CRITIQUéE PAR LES PILOTES ET LE PUBLIC, LA F1 DéFEND SES RETRANSMISSIONS TV

Lors du Grand Prix de Singapour, Fernando Alonso avait exprimé son mécontentement à la radio après un arrêt au stand lent qui l'avait fait rétrograder de la huitième à la quinzième place. Lorsque son ingénieur, Andrew Vizard, lui avait indiqué le nombre de tours restants, le double champion du monde avait répliqué : "Si tu me parles à chaque tour, je vais déconnecter la radio".

Alonso n'avait alors pas mesuré l'attention que son coup de sang allait susciter auprès du public et s'était exprimé sur X : "Avec la pole position assurée pour la diffusion privée à la radio, il est temps d'affiner la couverture principale et de transmettre toute l'excitation en piste aux fans !"

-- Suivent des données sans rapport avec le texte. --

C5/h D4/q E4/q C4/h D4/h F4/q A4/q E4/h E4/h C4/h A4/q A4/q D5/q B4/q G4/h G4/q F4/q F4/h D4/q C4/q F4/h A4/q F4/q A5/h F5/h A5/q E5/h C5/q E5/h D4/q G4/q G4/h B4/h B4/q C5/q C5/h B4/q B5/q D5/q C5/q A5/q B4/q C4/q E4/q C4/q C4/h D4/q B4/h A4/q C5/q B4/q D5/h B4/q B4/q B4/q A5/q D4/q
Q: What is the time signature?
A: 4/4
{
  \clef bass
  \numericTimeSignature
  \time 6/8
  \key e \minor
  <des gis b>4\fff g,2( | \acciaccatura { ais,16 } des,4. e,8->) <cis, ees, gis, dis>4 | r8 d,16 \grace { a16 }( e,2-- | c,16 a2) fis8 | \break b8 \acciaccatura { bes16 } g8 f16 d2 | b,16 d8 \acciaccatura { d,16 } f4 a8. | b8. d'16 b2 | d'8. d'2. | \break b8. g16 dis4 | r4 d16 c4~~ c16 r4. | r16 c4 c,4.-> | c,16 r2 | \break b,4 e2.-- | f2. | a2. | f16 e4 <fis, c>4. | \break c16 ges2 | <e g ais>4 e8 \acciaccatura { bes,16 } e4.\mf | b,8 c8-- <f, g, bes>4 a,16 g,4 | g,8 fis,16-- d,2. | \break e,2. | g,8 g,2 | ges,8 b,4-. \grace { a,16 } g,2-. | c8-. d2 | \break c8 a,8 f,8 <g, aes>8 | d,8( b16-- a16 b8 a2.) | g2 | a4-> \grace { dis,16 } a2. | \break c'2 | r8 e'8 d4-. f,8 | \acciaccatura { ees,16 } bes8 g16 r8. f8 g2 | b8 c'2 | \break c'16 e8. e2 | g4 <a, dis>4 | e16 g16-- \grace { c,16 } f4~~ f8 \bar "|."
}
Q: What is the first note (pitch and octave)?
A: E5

Deux courses plus tard, lors du Grand Prix de Mexico, les critiques de l'Espagnol ont continué. Alonso reprochait que plusieurs pilotes avaient pu couper le premier virage au départ sans rendre leur position. "Ils voient toutes les radios que nous faisons, en privé", avait-il déclaré après l'incident au premier tour. "J'espère qu'ils vont diffuser ça et qu'ils verront le virage 1 et 2. Allô ? Le virage 1 et 2 n'ont pas été diffusés ?"

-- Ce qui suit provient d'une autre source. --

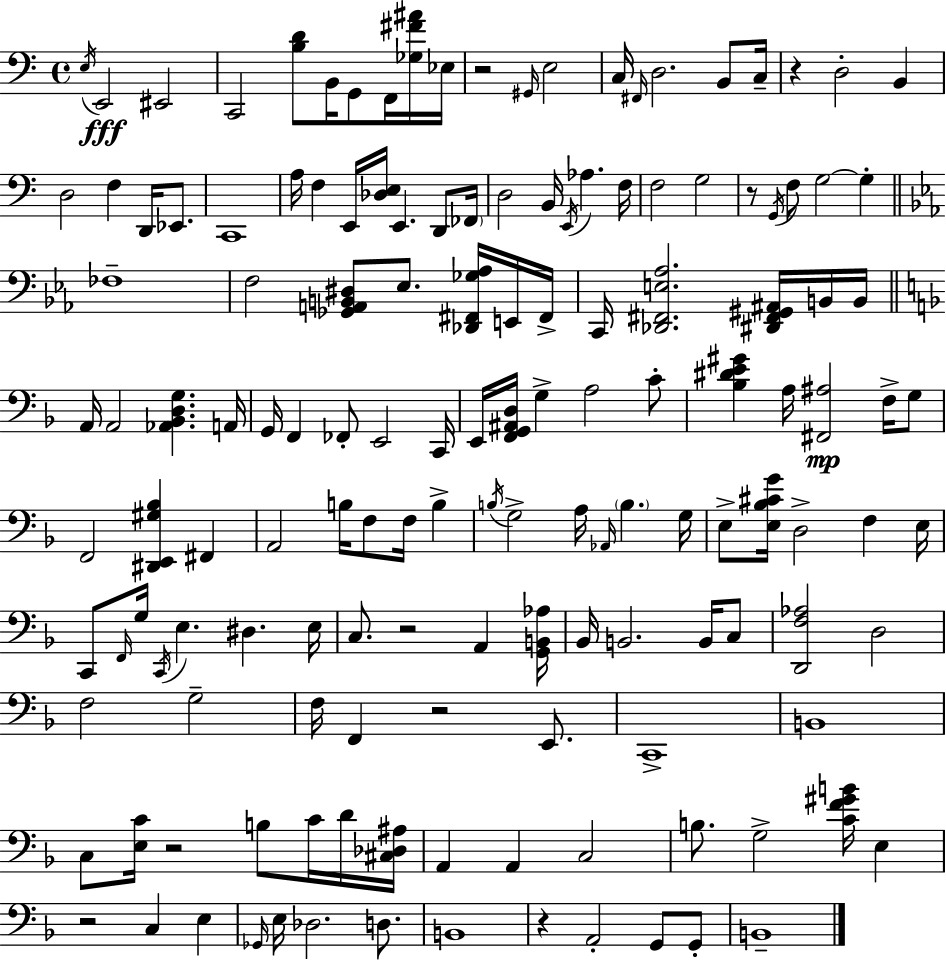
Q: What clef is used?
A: bass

Ses commentaires n'ont en fait pas été retransmis en direct. Mais le directeur des diffusions et médias de la F1, Dean Locke, a rappelé dans une interview exclusive avec Motorsport.com que son équipe à Biggin Hill, responsable des retransmissions de la F1, "n'est pas une tribune" pour les pilotes.

"Nous avons la responsabilité de raconter l'histoire de manière juste et précise, nous ne publions donc rien qui soit trompeur ou poursuive d'autres intentions", a expliqué Locke. "Fernando est incroyable. Ce qu'il peut faire dans cette voiture tout en ayant encore le temps d'y réfléchir est admirable. Mais nous ne sommes pas sa tribune."

"Notre objectif est de rester fidèles à l'histoire et de faire participer les fans", a ajouté Locke. "C'est formidable de voir le type d'histoires que nous pouvons raconter, comment nous pouvons montrer la course du point de vue de deux coéquipiers, et des choses comme ça. Mais nous devons être prudents, car parfois un pilote critique son équipe sans connaître tous les faits."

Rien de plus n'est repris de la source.